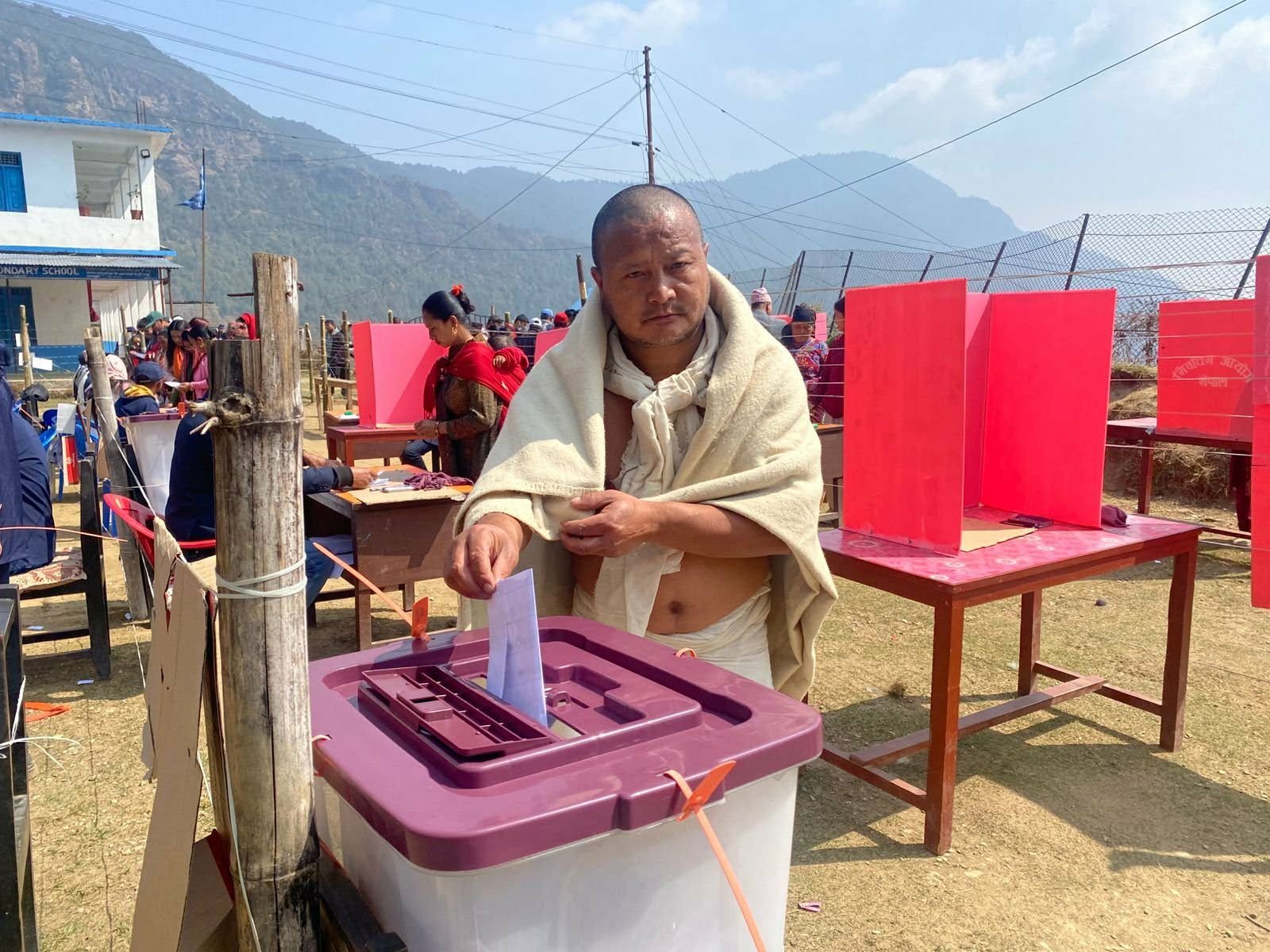 आमाको किरिया बसेका रानाले गरे मतदान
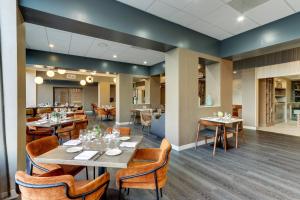 une salle à manger avec des tables et des chaises ainsi qu'un restaurant dans l'établissement Huntsville Marriott at the Space & Rocket Center, à Huntsville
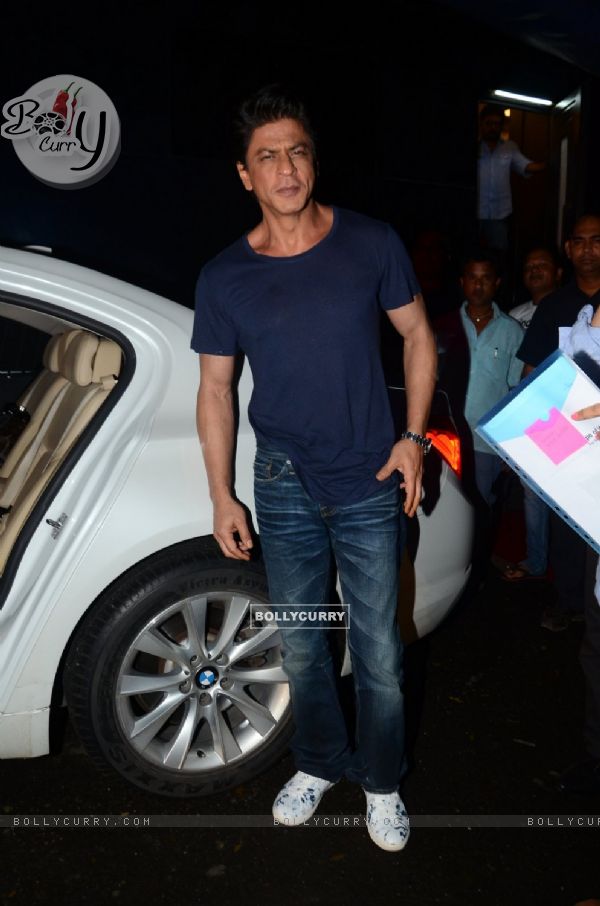 Shah Rukh Khan poses at Filmistan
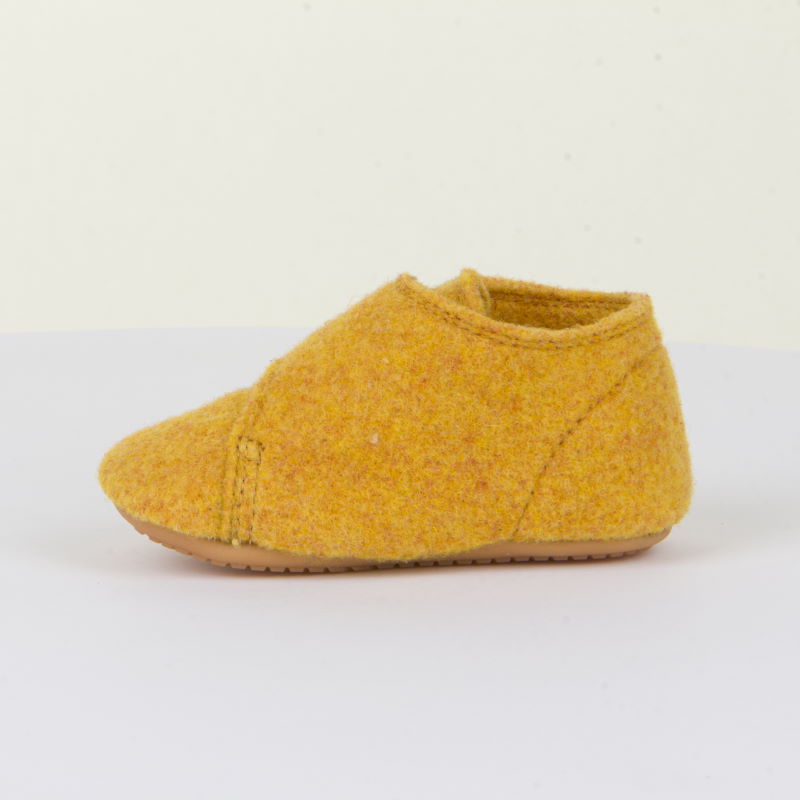 G1170002-4 Chaussons laine Prewalkers Froddo jaune (3)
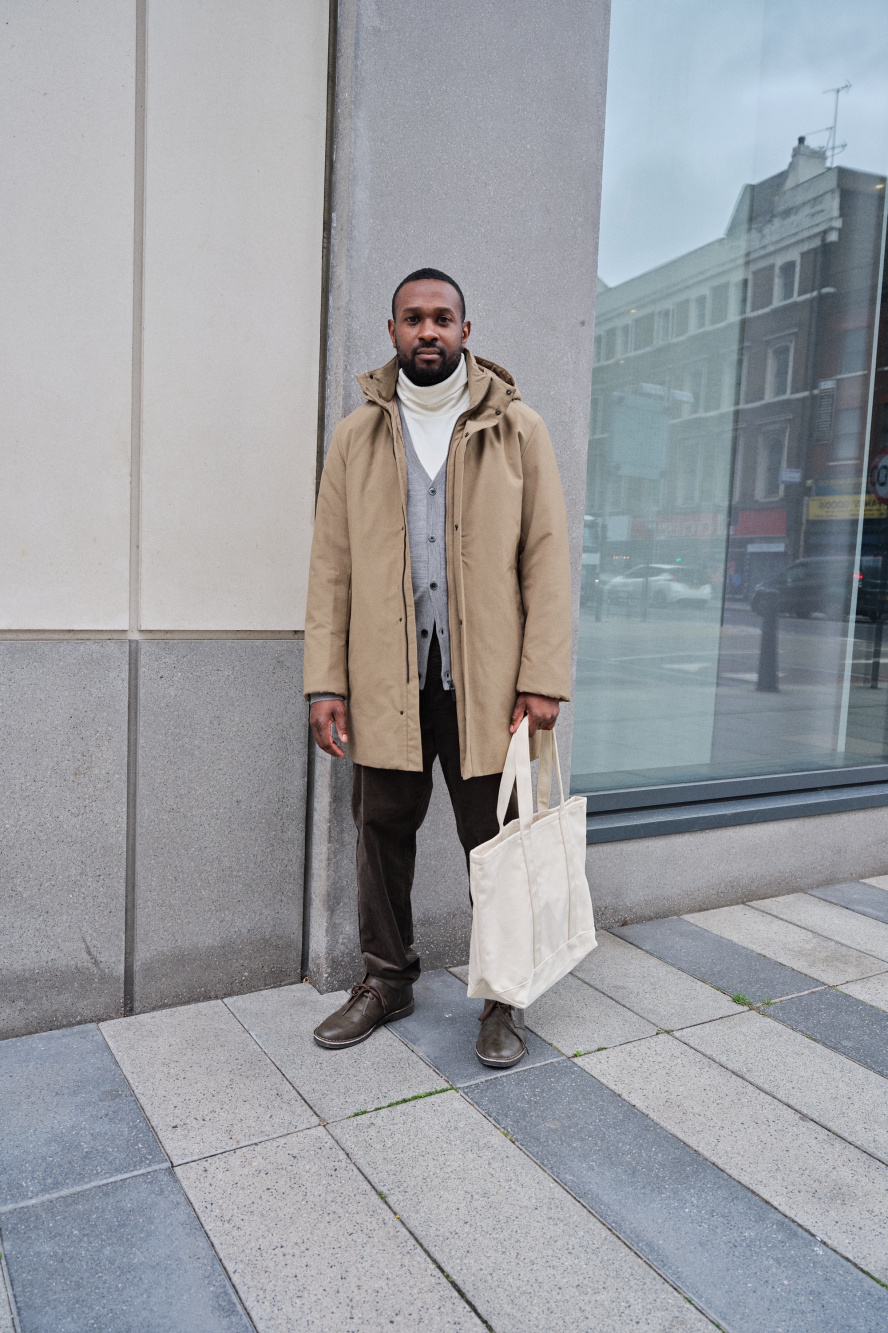 Turtleneck and hoodie online outfit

__Brief__
Set down the entries above word for word, but drop any image.

__Task solution__
 आमाको किरिया बसेका रानाले गरे मतदान
 une salle à manger avec des tables et des chaises ainsi qu'un restaurant dans l'établissement Huntsville Marriott at the Space & Rocket Center, à Huntsville
 Shah Rukh Khan poses at Filmistan
 G1170002-4 Chaussons laine Prewalkers Froddo jaune (3)
 Turtleneck and hoodie online outfit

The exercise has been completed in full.